Are You Ready to Go Constructible?
The digital transformation will go beyond just implementing technology. Improved business intelligence will come from a combination of advancing technology, processes and people. Technology is an enabler of improved performance. The desired transformational outcomes will likely not be achieved by just implementing new technologies but by improving and re-engineering workflows and culture with repeatable business processes like the constructible process.
To follow are an aggregated set of basic best practices employed by some of the more innovative and transformational construction businesses we’ve met over the last few years.
1. Understanding Your Goals
The outcomes of digital transformation will be more valuable when they align with key strategic initiatives and economics within an organization. This starts at the highest level in an organization to be sure the strategy is understood and enacted.
The digital transformation will drive opportunities to improve core business elements such as:
AEC Service Provider
Every initiative should start with clear objectives, including why they are important and how success will be measured.
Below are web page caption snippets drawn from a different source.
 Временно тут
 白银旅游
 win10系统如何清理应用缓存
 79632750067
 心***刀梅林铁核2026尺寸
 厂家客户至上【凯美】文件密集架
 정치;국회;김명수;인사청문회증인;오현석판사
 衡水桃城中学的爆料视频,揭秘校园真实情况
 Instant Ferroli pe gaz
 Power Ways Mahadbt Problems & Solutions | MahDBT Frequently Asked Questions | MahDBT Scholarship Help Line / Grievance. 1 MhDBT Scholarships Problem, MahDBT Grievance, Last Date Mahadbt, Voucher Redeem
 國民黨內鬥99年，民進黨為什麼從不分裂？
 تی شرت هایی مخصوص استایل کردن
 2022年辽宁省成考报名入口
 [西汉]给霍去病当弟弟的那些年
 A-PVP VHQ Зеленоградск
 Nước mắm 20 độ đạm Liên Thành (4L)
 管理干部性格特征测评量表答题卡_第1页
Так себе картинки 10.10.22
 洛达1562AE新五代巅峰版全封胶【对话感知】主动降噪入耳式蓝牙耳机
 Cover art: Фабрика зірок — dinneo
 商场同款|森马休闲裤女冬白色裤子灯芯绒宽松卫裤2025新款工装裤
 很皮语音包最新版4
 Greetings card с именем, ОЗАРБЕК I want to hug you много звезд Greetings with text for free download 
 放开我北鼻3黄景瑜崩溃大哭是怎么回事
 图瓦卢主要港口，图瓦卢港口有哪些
2. Organizational Readiness
While setting clear goals and strategy is vital, success will require the organization can execute it. Companies must assess if the initiative is strategically important, financially and structurally supported, and is adoptable. Here are some questions that can help.
Is the initiative strategically important?
Barton Malow Company is a Michigan-based self-perform contractor. They are a great example of setting clear goals for the company. At the top line, their goal is to double efficiency by their 100 year anniversary in 2024. The initiative is anchored with clear milestones including metrics for success. While leadership drove the importance, the initiative has become a key element to their culture, focus and execution. In addition, VolkerWessels’ strategy is to become a data-driven organization tied to key goals such as efficiency, developing new services and overcoming workforce skill gaps. This vision has driven a broad set of decisions on the path to digital transformation.
Is it financially supported?
Business Transformation requires more than a big budget for technology. Change requires an investment in people, through frequent communication and by investing in skill development. For processes to change, companies need to not only trust, but verify and provide support. Whether implementing a new way to do quantity take off or moving from design intent to fabrication-level models, mechanisms are needed to build trust and confidence in the re-engineered process. This may be accomplished via techniques such as peer reviews or automated quality checks. Furthermore, support is needed for those implementing new processes to help them see the value of the change. A conscious investment needs to be made in ensuring change is successful, sustainable, and repeatable within the organization.
Is it organizationally supported?
Organizational structures and assignments will evolve through this digital transformation. The introduction of virtual design and construction (VDC) talent has provided some early lessons into the importance of organizational structure. The very nature of VDC is to use the constructible data to optimize downstream processes. A company’s typical reaction is to create a new department called VDC. This means, in an already fragmented and siloed industry, yet another team is created. This in turn, can introduce more organizational challenges: “them versus us,” “new versus old” with departments such as pre-construction, estimating and scheduling. Companies want to bring in new processes, thinking and skill sets while at the same time, value the experiences and knowledge that exists in current staff. The optimal structures tend to be geared around how to evolve the company as a whole and bring staff forward. Rolling VDC principles and resources into existing functional areas or using matrixed approaches have become the current trends to improve organizational cohesion.
Is it adoptable?
With tight margins and unique projects, it is common to have business units or business areas to drive accountability. For example, a General Contractor (GC) may have a GC business area and one or many self-perform trades. It is not uncommon that these are treated as separate business units and even project numbers in the same company on the same project. To drive this digital transformation, how do companies ensure teams across functions and business areas are set up to drive innovation and efficiency? Similarly, for organizations that incentivize project managers on the profitability of their project, how do they keep them accountable and yet ensure they will support the change? There is not one answer. Adaptability in the organization needs to be a consideration and the right models employed to ensure accountability and support of strategic initiatives.
3. Is Your Data Ready?
Data is a key element in driving optimization, predictability and automation. Are companies capitalizing on their data to optimize and improve planning? They should consider questions such as:
- How many estimates have they done compared to the number of projects they have completed?
- How well do they know their productivity rates?
- How many days did it rain in Seattle last year?
- How are they leveraging data to decrease O&M costs?
Project data is a company's intellectual property (IP) and critical to optimizing performance, differentiating them and even enabling them to create new services in the marketplace. It is recommended that companies initiate the process to inventory the data they have (or could be capturing) and around the value the data could provide. It is important to build a culture that values this data as a core asset of the company with direction on how to capture, curate and use it. Technology such as content services and warehouses, historical project information (cost, productivity rates, etc.) and common data environments (CDE) are key enablers.